For those companies who have a genuine interest in social responsibility, there is no surer way to improve social mobility. Even better, it is extremely popular: 85% of working parents say they want it.
The answer is a workplace parenting programme that teaches how to be a better parent. Research over the last few decades has brought far greater precision to what constitutes good parenting.
We know, for example, that talking or reading directly to children in their early years improves verbal reasoning later. Spending one-to-one time with each child every day is likely both to improve their behaviour in the short term and their chances of forming secure relationships when they’re older.
Describing what a child does (I see you’ve drawn a red square with a yellow circle), or the effort they’ve put in, will help them become more self-sufficient whereas praising them with labels such as ‘artistic’ or ‘creative’ is likely to have the opposite effect.
These techniques don’t apply just to children.

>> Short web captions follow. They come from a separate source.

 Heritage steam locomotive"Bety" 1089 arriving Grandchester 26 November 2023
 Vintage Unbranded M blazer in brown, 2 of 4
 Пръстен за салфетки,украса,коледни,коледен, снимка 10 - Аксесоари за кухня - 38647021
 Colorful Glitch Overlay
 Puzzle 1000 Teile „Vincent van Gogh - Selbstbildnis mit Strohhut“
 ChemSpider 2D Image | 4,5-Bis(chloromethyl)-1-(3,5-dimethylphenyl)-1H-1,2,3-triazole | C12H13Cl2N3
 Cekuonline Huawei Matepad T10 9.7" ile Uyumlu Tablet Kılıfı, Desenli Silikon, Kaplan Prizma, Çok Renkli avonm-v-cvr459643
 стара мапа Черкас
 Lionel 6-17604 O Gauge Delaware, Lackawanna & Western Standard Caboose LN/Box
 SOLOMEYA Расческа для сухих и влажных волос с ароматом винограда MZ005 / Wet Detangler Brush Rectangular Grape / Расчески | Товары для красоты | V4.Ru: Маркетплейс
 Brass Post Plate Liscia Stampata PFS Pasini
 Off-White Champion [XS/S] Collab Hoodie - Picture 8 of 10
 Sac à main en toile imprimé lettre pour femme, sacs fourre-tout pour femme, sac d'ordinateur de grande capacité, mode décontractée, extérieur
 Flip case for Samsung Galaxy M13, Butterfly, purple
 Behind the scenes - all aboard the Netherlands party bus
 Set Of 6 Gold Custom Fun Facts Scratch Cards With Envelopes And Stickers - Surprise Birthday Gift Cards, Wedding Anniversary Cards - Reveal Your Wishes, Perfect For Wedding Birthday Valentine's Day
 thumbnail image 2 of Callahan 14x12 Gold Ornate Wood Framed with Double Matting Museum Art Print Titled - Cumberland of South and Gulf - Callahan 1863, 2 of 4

Better managers, like parents, are consistent, attentive and have clear routines that they expect to be followed. They help people learn without giving them the answer and are empathetic yet firm when things go wrong.
Companies that have had limited success in equipping managers with these habits might find they’re more successful if they appeal to them as parents.
Royal Mail offered a series bite-size workshops on topics like “Guiding Hand: How to Help Someone Who’s Stuck’. These were promoted as a way to support your children with, say, their homework, but the hope was that supervisors would also use them to help new recruits settle in. Six weeks later 75pc of those who took part said they had successfully used the techniques at home and a whopping 86pc at work. The most common response: ‘this was really helpful; I just don’t understand why Royal Mail is paying for it’.
An American insurance firm discovered that 32pc of the variance in how committed an employee is depends on how much they feel that their work life helps enrich their home life. A separate study has confirmed the virtuous circle many of us assumed: when we are successful at home it improves our performance at work and, even more so, vice versa.
Most parents will care more about home than work however charismatic their leader or compelling the company mission. Rather than try to find a way around this, wise employers will embrace it and do their best to help working parents become better parents. A corporate gift that keeps on giving.